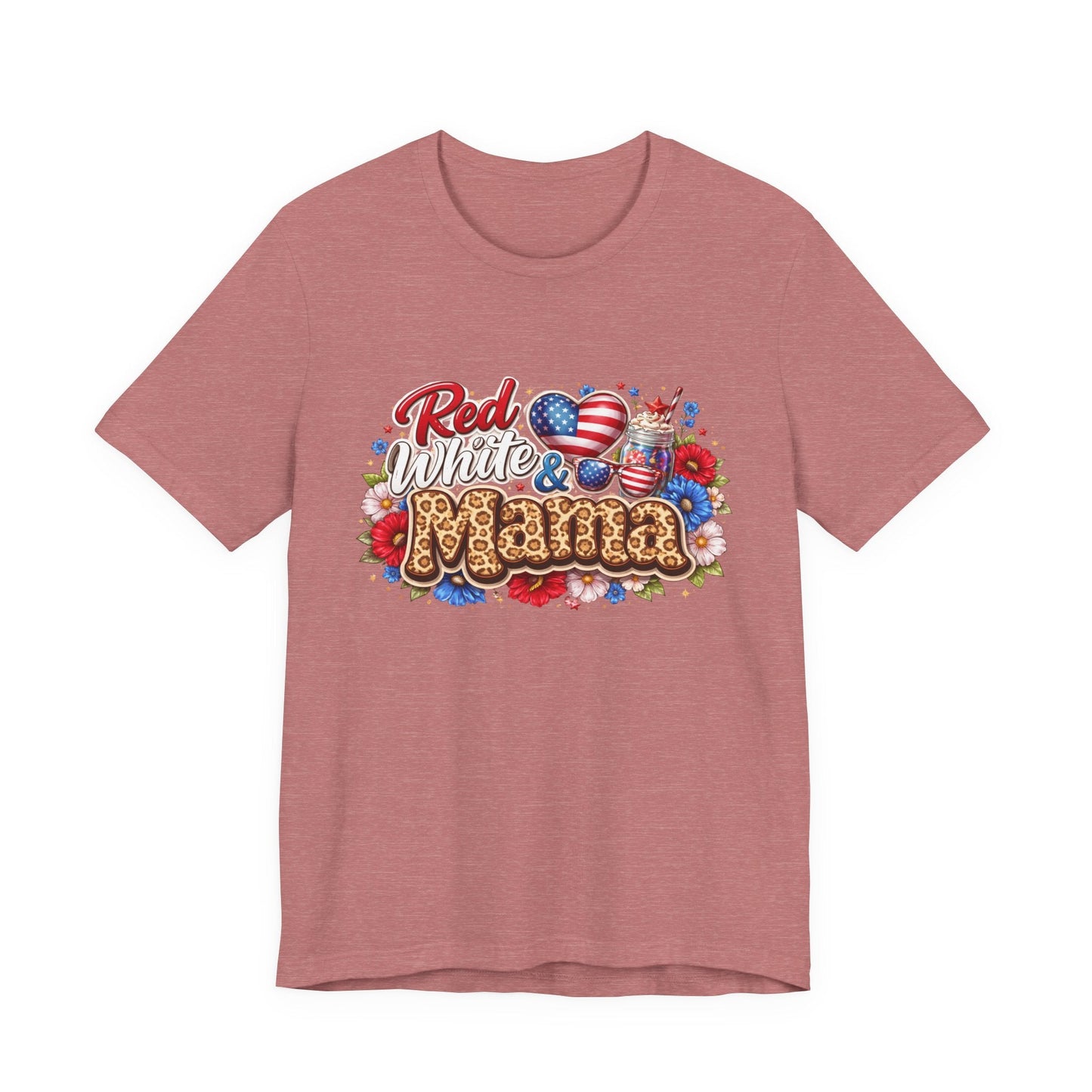 Red White & Mamma Tee — Patriotic Mom T-Shirt for Mother's Day & 4th of July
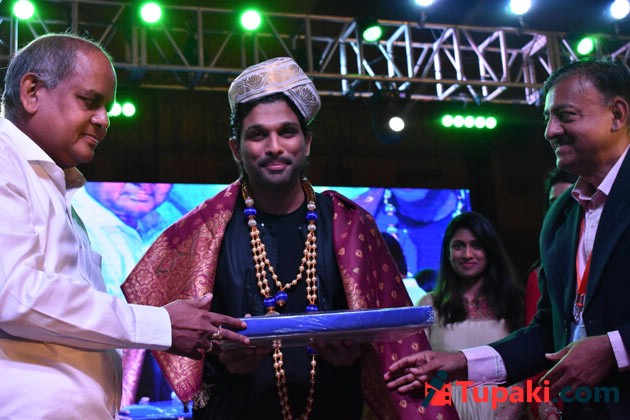 Felicitation For Allu Arjun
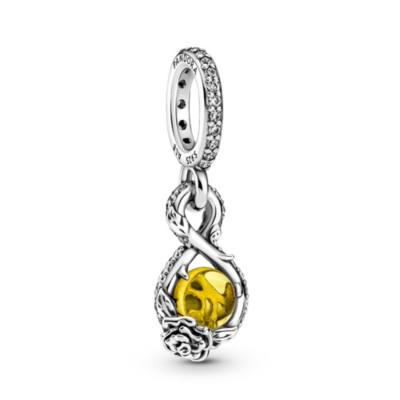 Disney X Pandora Belle Infinity & Rose Flower Pendant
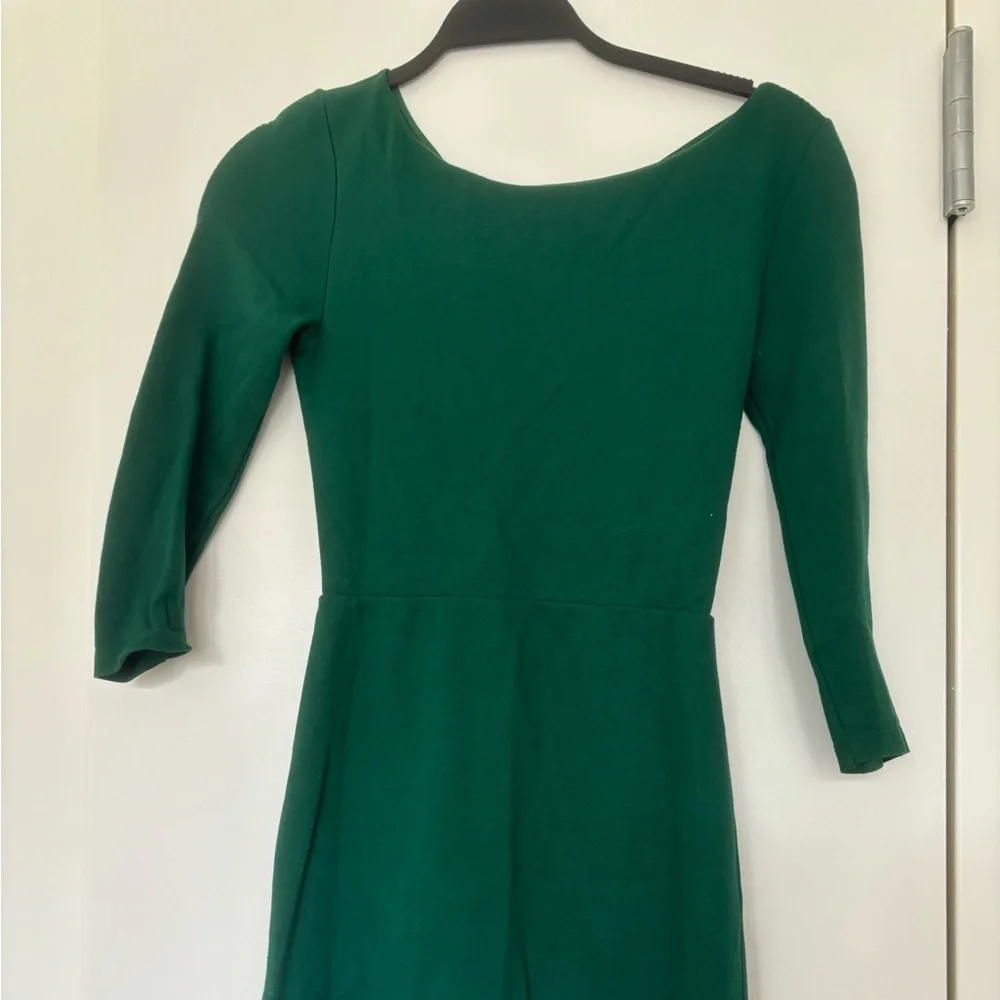 Alice & Olivia Bodycon Hunter Green Dress - Picture 1 of 5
----------
Everything from the line that contains "Felicitation For Allu Arjun" to the final line of the data is to be duplicated exactly, both ends included, except the pictures.

 Felicitation For Allu Arjun
 Disney X Pandora Belle Infinity & Rose Flower Pendant
 Alice & Olivia Bodycon Hunter Green Dress - Picture 1 of 5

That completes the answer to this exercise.